QA, bots, humans, and the in between

“I think the Orcs are too strong. The short guys throwing axes need to be nerfed, let’s try 10%, no, make it 15%.” This is a very common ‘decision making process’ when it comes to testing a game, aspiring to achieve a good game balance, but most importantly, trying to make it fun.

The issue is that it is super subjective and the real test will be when players play it… They will find any imbalances and they will not be shy to let the world know.

I bring up game balance because it is particularly hard to test, it can take significant resources and precious time, and also because this is an area where machine learning can help.

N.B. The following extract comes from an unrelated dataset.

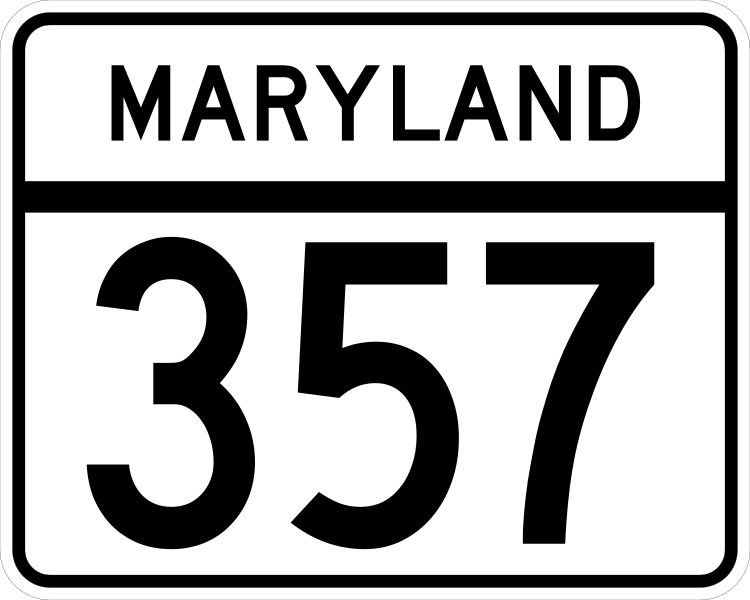 File:MD Route 357.svg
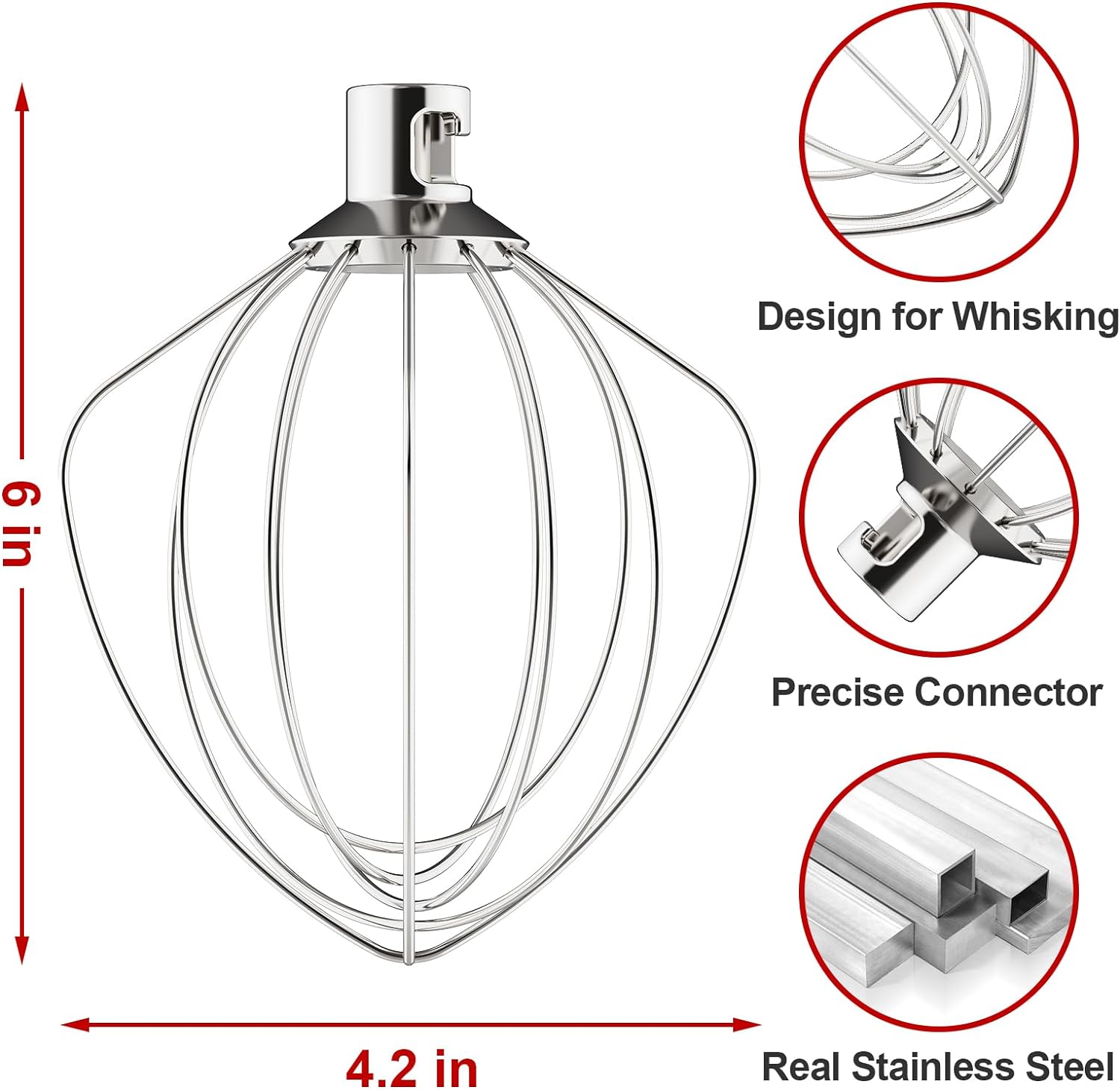 قطعة بديلة K45WW مرفق خفق من ا - مراجعة Kitchenaid Mixer Hand Mixer وسعره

So, let’s explore some areas where machine learning can not help, at least with the type of tools and methods we use at Decisive AI. We train artificial players by exposing the agent (which is basically a formula or function, however complex) to lots of games. That generates experience that leads the agent to outcomes we reward, like scoring points or winning a game.

We can’t do this with a few games, not even a few thousand games. We need hundreds of thousands if not millions (we even got to billions!) of games played. Computers are fast at some things, learning is not one of them. Another important consideration is that the training needs to be efficient, and playing using the same devices as humans do is not. Instead of interpreting the screen with complex convolutional neural networks and then using keyboard and mouse (touchscreen and joystick), we simply embed the agent in the game code where it can talk directly to the game engine.

Multiplayer games are designed with a ‘bot’ or ‘AI’ in mind, so it isn’t hard to integrate our learning platform to play the game, and this is outside the UI, it is fast and efficient.

Since our training, or the resulting agent, will not interact with the UI and will not be looking at the graphics or experience the music and sound of the game, none of these (very important) areas of a game are tested by our agents.

But, if what keeps you awake at night is if that new axe you are planning to add as a new card for the Troll faction is too strong, or a new Underworld map to a strategy game, or in general, some new element to keep a good game fresh and the players engaged, then our intelligent artificial players are a fabulous option.

The first highlight is the thoroughness. A learning agent tries new things constantly (exploring the space) and those that work are later further exploited. If your new axe is too strong, our agents will use it to win all the time. If the axe is useless, then they will try it, but then abandon it because they want to win.

The next is precision. As the agent plays games we can configure data output for reporting. Do you want to know how many games are won with the axe? You get a percentage, out of a statistically meaningful number of games. Say for example that you nerf a weapon, we can quickly play 10,000 games before and after the nerf. If the faction with the weapon wins more or losses more, you know why.

This type of quick test does not need retraining or any black magic, just to execute a batch process and check the results from a database. It takes minutes, what otherwise can take weeks of expensive human testing that is often not precise enough.

I often remember when I used to play Clash Royale and every so often, a patch would come tweaking some cards. This is the result of people carefully analyzing data from hundreds of thousands of games played by human players. If they see too many wins with the Miner, then the Miner gets nerfed. How much faster, efficient and precise this process would be if instead of using the players they would use artificial players that don’t mind playing lots of games and finding overpowered or underpowered cards.

There are many more advantages: catching crashes, since the agent plays the game a lot, and in ways not often done by the humans, it is going to find crashes faster. Game length gets in the mix as well. Often games have a specific target on how long an average game should last. This is important in mobile games. If adding some element to a game makes it too long or too short, we are going to find out very quickly with an artificial player that can execute 10,000 games in a short period of time and clearly state how many moves it took to complete the game in average compared with the same test before the latest changes.

There are areas where an artificial player won’t help with QA: graphics, UI, sounds… While in others it can make a massive difference both in the quality of the QA, but also in the amount that can be done and the cost of it. This is true for testing the game engine, the balance of the game, and the impact of changes to an existing game.